┌──
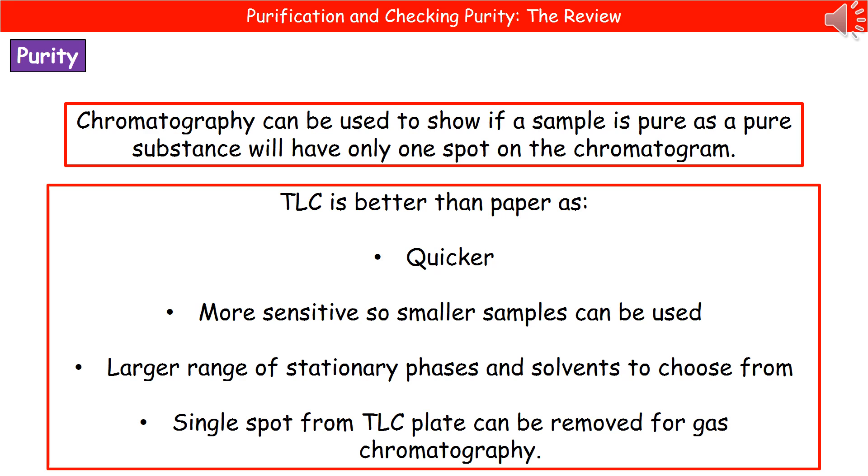In our video that reviewed chromatography, we talked about two key types: paper and thin layer. What we now need to do is analyze which one is better. The end result is that thin layer chromatography is better than paper chromatography for four key reasons.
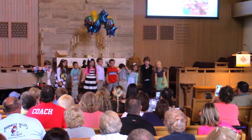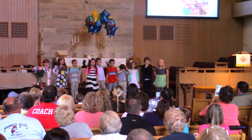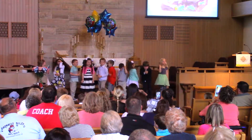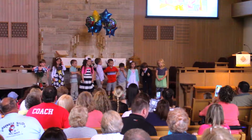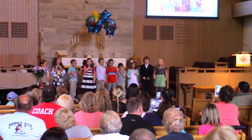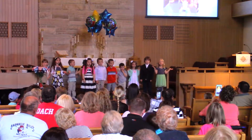First the farmer plants the seeds, stands up tall and takes his ease, stamps his feet and claps his hands and turns around to view his land. Oats and beans and barley grow, oats and beans and barley grow, you or I already know how oats and beans and barley grow.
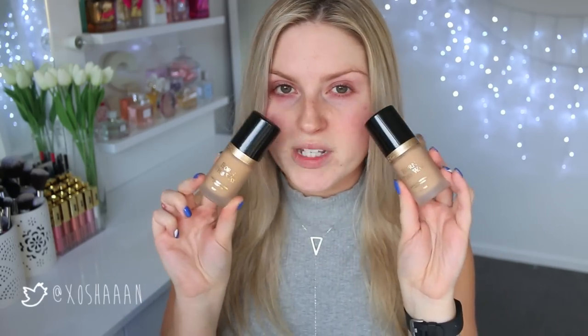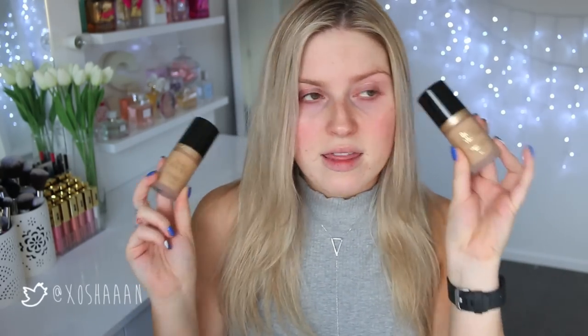Hey everyone, so today I'm doing a first impression and this might be one of my most requested videos to date. It is to do a first impression on the Born This Way foundation by Too Faced. I have heard the best things about this foundation, so I am itching to try it.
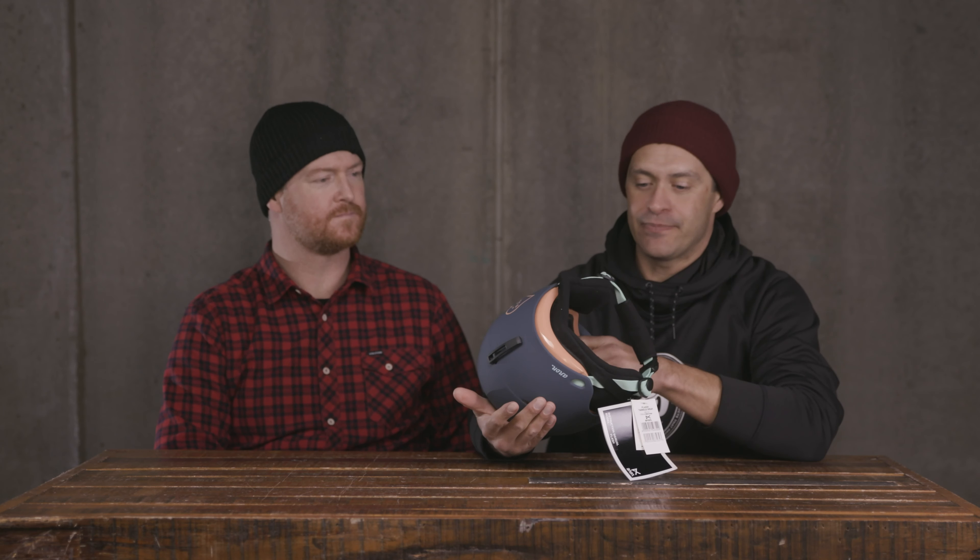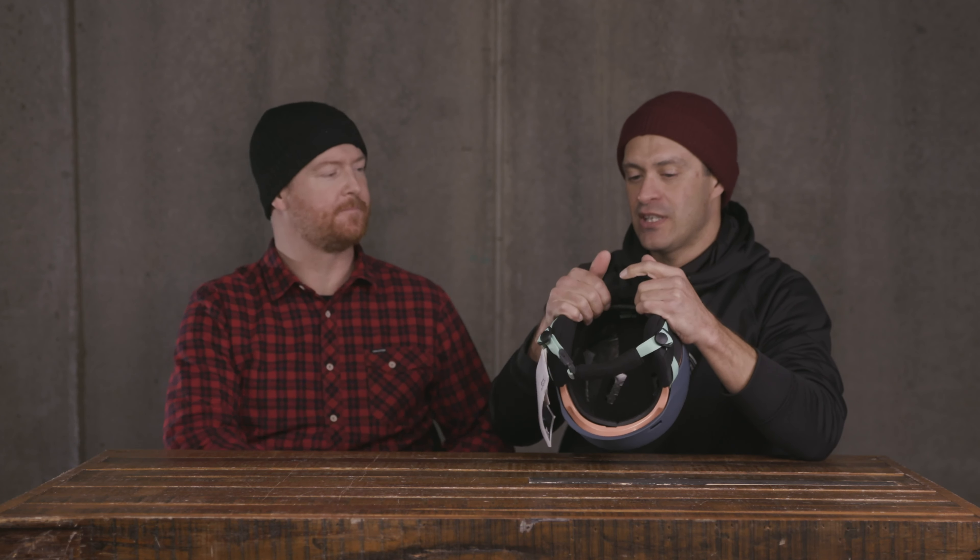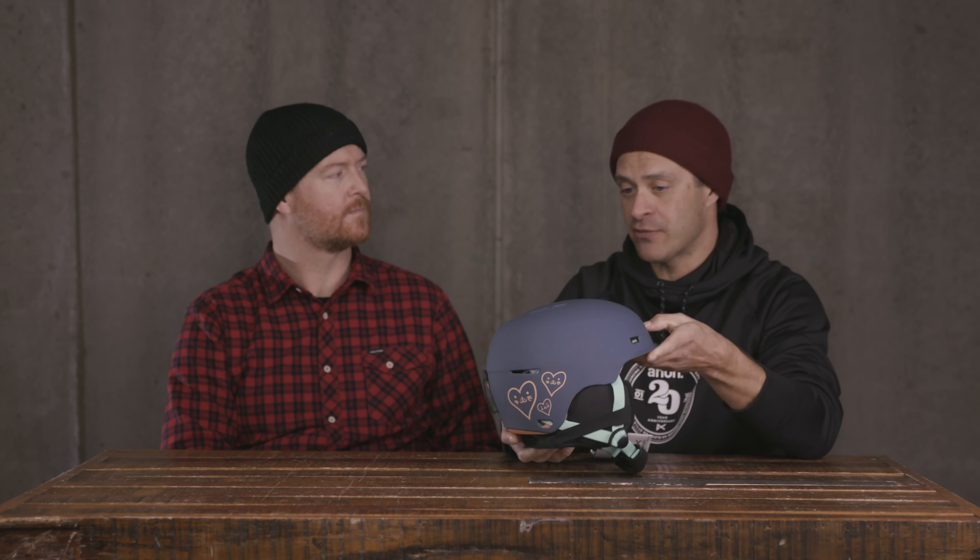The kids' helmets have the auto-fit system in it — that little cradle in the back. It just kind of flexes and adjusts with the size of your head. For kids it's really nice because it gives them a little bit of growing room. The kid sizing goes small, medium, large, extra large — two size categories — so it can give a little bit of room to grow.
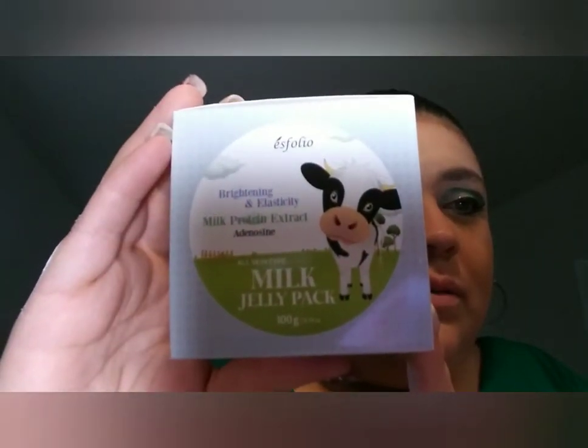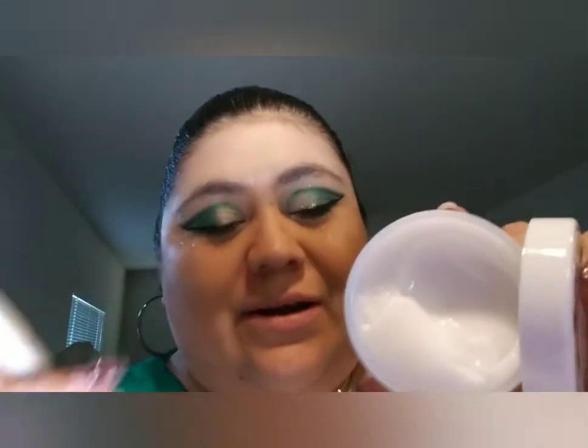Our fourth item is this — Milk Jelly Pack. Let me take it off the container. I think this is a moisturizing cream. Oh, it comes with a little spoon, which is really nice — I like when products come with their own utensils. And it's literally like gelatin, like jello — do you see the jiggle?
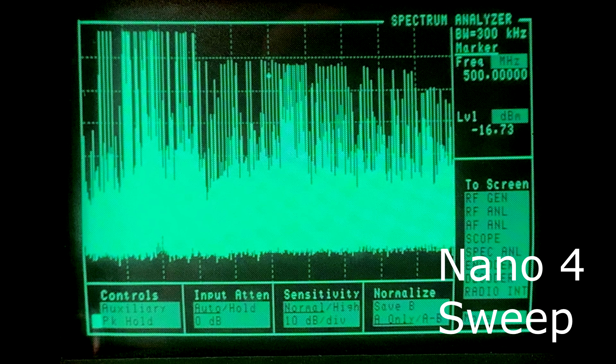Now let's take a look at the Nano 4, which should have an increased power level. You can see that things have increased about 10 dB across the board. It's kind of the same breaks and bands, but everything's up about 10 dB. My spectrum analyzer doesn't go out to 1.5 gigahertz — it only stops at 1 gigahertz, so this is as good as I can show.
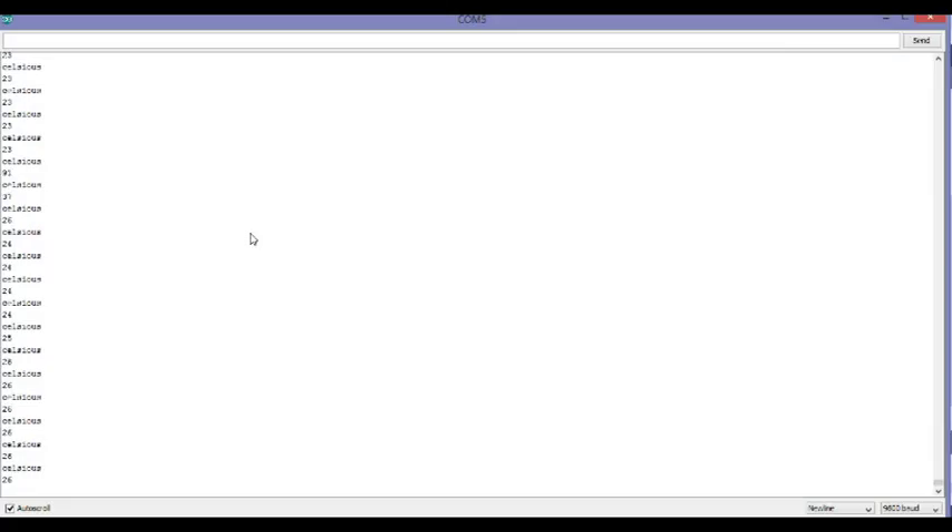If I put my finger on the sensor you'll see the temperature going up — that's 26, then 27, 28, and against my hand it reads 31, and it will go back to 37, which is my body temperature.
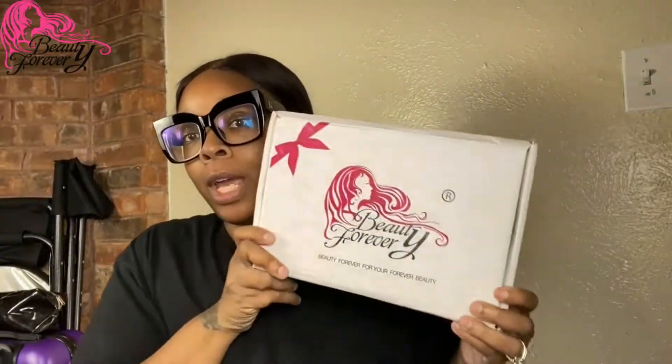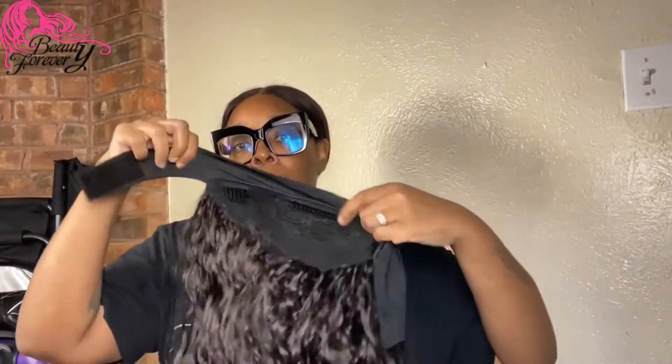This part will be sponsored by Beauty Forever Hair. This is a beautiful headband wig. Here's the box right here — this is another headband wig — and here's the wig right here. It is 26 inches long, we're gonna make it work. This is the hair, and there's this black part right here that fastens at the back like that.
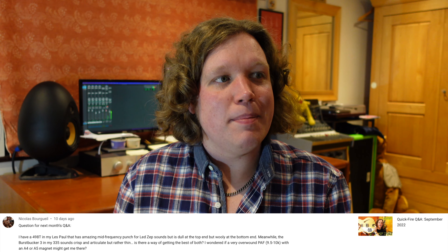First up this month — Nicholas Bourget, and this question actually came in last month and I completely missed it, so sorry Nicholas. He asks: he has a 498T in his Les Paul that has amazing mid-frequency punch for Led Zeppelin sounds but is dull at the top end and woolly at the bottom end. Meanwhile the Burst Bucker 3 in his 335 sounds crisp and articulate but rather thin. Is there a way of getting the best of both? He wondered if a very overwound PAF, 9.5 to 10k, with an Alnico 4 or 5 magnet might get him there.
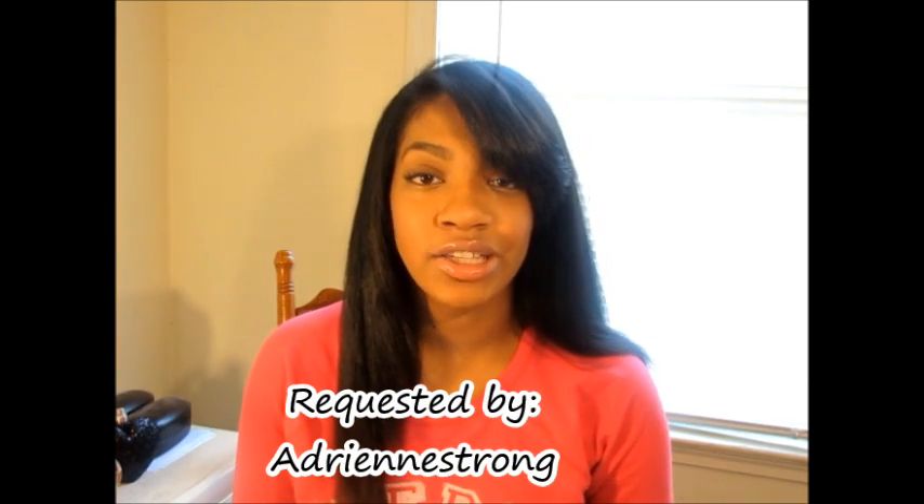Hey guys, welcome back to the channel. By request, I got asked to do a flat iron tutorial. If you're new to my channel, I am naturally curly, so once a month I flat iron my hair. These are the final results and it is the next morning — I do my hair at night. It takes a little while because I have a lot of hair, but I love the results. The final results are always good, so it never fails me.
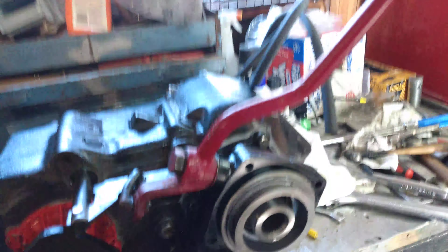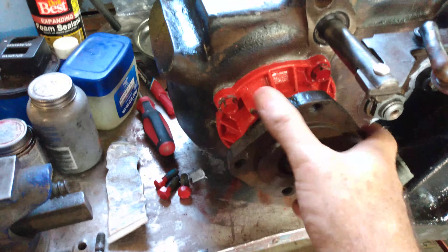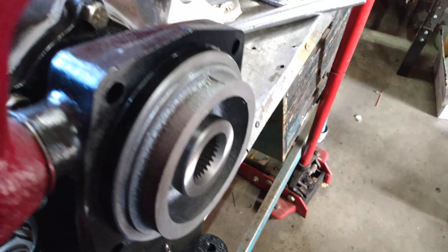She is done, we got the adapter on, she's in two-wheel drive now. As you can see on the shifter it says two-wheel drive, and then a quick forward and now we are in neutral.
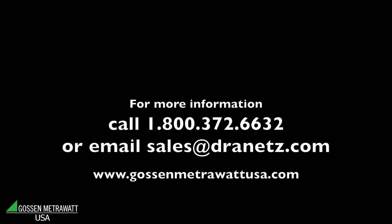The SecuTest S3 Plus is made in Germany and distributed as well as supported in the United States by Dranitz. If you would like more information on any of the SecuTest products, please call us at 1-800-372-6832 or email us at sales@dranitz.com.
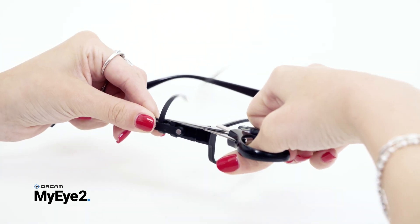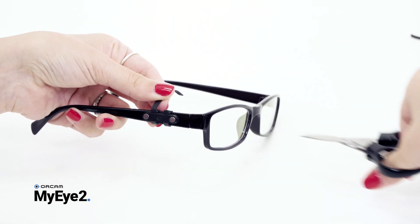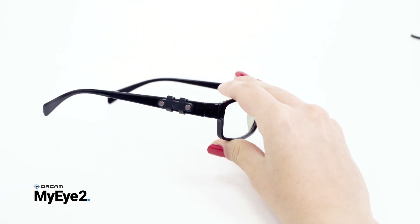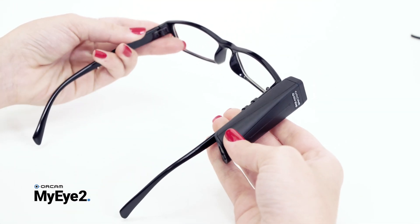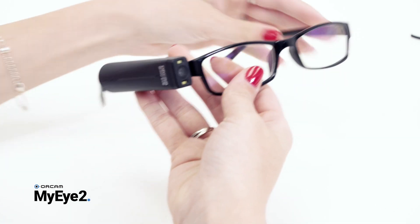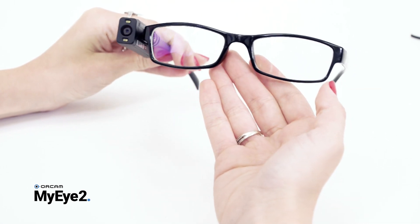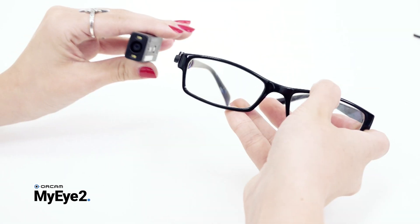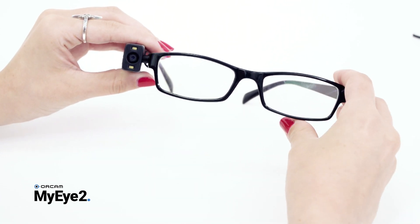Now carefully cut off the remains of the straps protruding above the mount with the small scissors. Verify the mount is positioned correctly and attach the device to the mount. Ensure the device is parallel to the arm of the glasses frame with the camera view straight forward and aligned with the front of your glasses. The OrCam device can now snap into place. The glasses frame can be folded with the mount attached.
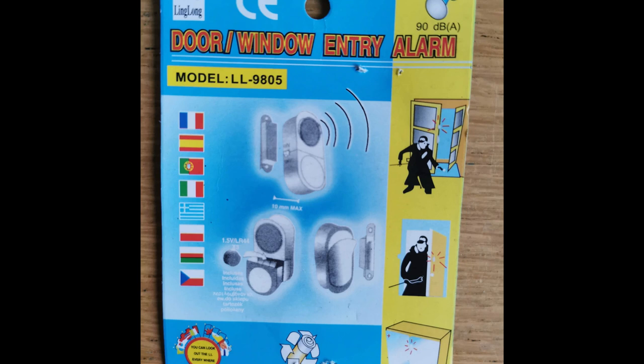Those window alarms are the cheapest things on eBay, Amazon, or your local hardware shop. The one I got is 90 decibels, which absolutely will wake me up — I tuned it down a bit in this video to protect your ears. Most likely it will scare off the intruder as well.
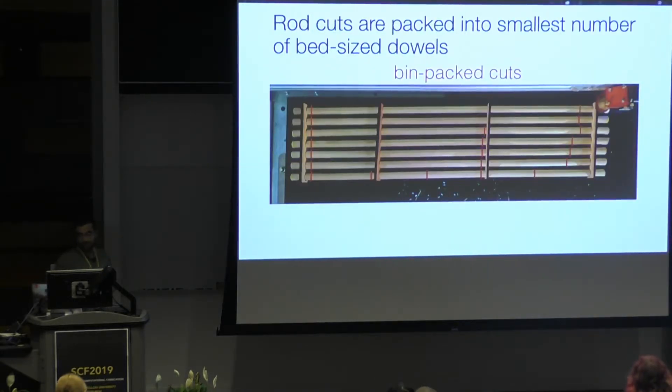As for the rods, you could cut them with a traditional saw and miter box. However, it's actually much faster and less error-prone to pack them into a small number of cuts and then use a laser cutter to cut them in a single job. All 14 rods in this example got cut in less than three minutes.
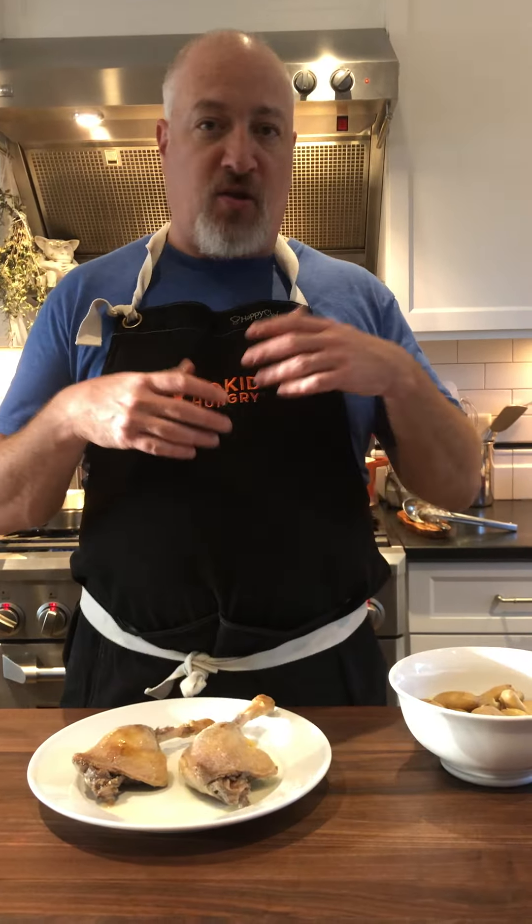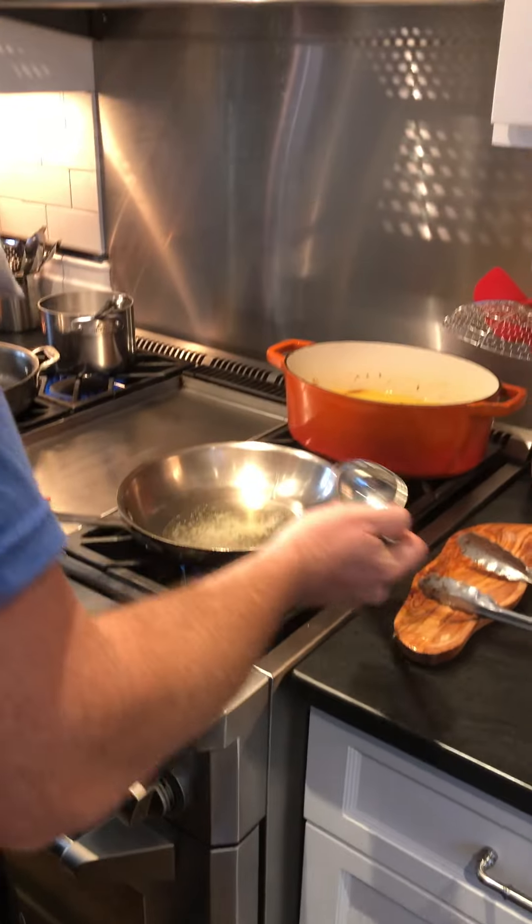and toss it in a salad or an omelet. You can make a garbure, which is a duck confit soup — one of my favorite things. But today we're just gonna cook the whole duck leg skin side down to make it nice and crispy. If we're gonna serve the duck leg whole, we have to make sure the skin is crisp, otherwise it's really not very tasteful. So let's get going on that.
└──
Write the data above out again exactly, minus its pictures.

→ Exercise response
In our video that reviewed chromatography, we talked about two key types: paper and thin layer. What we now need to do is analyze which one is better. The end result is that thin layer chromatography is better than paper chromatography for four key reasons.
First the farmer plants the seeds, stands up tall and takes his ease, stamps his feet and claps his hands and turns around to view his land. Oats and beans and barley grow, oats and beans and barley grow, you or I already know how oats and beans and barley grow.
Hey everyone, so today I'm doing a first impression and this might be one of my most requested videos to date. It is to do a first impression on the Born This Way foundation by Too Faced. I have heard the best things about this foundation, so I am itching to try it.
The kids' helmets have the auto-fit system in it — that little cradle in the back. It just kind of flexes and adjusts with the size of your head. For kids it's really nice because it gives them a little bit of growing room. The kid sizing goes small, medium, large, extra large — two size categories — so it can give a little bit of room to grow.
Our fourth item is this — Milk Jelly Pack. Let me take it off the container. I think this is a moisturizing cream. Oh, it comes with a little spoon, which is really nice — I like when products come with their own utensils. And it's literally like gelatin, like jello — do you see the jiggle?
Now let's take a look at the Nano 4, which should have an increased power level. You can see that things have increased about 10 dB across the board. It's kind of the same breaks and bands, but everything's up about 10 dB. My spectrum analyzer doesn't go out to 1.5 gigahertz — it only stops at 1 gigahertz, so this is as good as I can show.
If I put my finger on the sensor you'll see the temperature going up — that's 26, then 27, 28, and against my hand it reads 31, and it will go back to 37, which is my body temperature.
This part will be sponsored by Beauty Forever Hair. This is a beautiful headband wig. Here's the box right here — this is another headband wig — and here's the wig right here. It is 26 inches long, we're gonna make it work. This is the hair, and there's this black part right here that fastens at the back like that.
First up this month — Nicholas Bourget, and this question actually came in last month and I completely missed it, so sorry Nicholas. He asks: he has a 498T in his Les Paul that has amazing mid-frequency punch for Led Zeppelin sounds but is dull at the top end and woolly at the bottom end. Meanwhile the Burst Bucker 3 in his 335 sounds crisp and articulate but rather thin. Is there a way of getting the best of both? He wondered if a very overwound PAF, 9.5 to 10k, with an Alnico 4 or 5 magnet might get him there.
Hey guys, welcome back to the channel. By request, I got asked to do a flat iron tutorial. If you're new to my channel, I am naturally curly, so once a month I flat iron my hair. These are the final results and it is the next morning — I do my hair at night. It takes a little while because I have a lot of hair, but I love the results. The final results are always good, so it never fails me.
She is done, we got the adapter on, she's in two-wheel drive now. As you can see on the shifter it says two-wheel drive, and then a quick forward and now we are in neutral.
The SecuTest S3 Plus is made in Germany and distributed as well as supported in the United States by Dranitz. If you would like more information on any of the SecuTest products, please call us at 1-800-372-6832 or email us at sales@dranitz.com.
Now carefully cut off the remains of the straps protruding above the mount with the small scissors. Verify the mount is positioned correctly and attach the device to the mount. Ensure the device is parallel to the arm of the glasses frame with the camera view straight forward and aligned with the front of your glasses. The OrCam device can now snap into place. The glasses frame can be folded with the mount attached.
Those window alarms are the cheapest things on eBay, Amazon, or your local hardware shop. The one I got is 90 decibels, which absolutely will wake me up — I tuned it down a bit in this video to protect your ears. Most likely it will scare off the intruder as well.
As for the rods, you could cut them with a traditional saw and miter box. However, it's actually much faster and less error-prone to pack them into a small number of cuts and then use a laser cutter to cut them in a single job. All 14 rods in this example got cut in less than three minutes.
and toss it in a salad or an omelet. You can make a garbure, which is a duck confit soup — one of my favorite things. But today we're just gonna cook the whole duck leg skin side down to make it nice and crispy. If we're gonna serve the duck leg whole, we have to make sure the skin is crisp, otherwise it's really not very tasteful. So let's get going on that.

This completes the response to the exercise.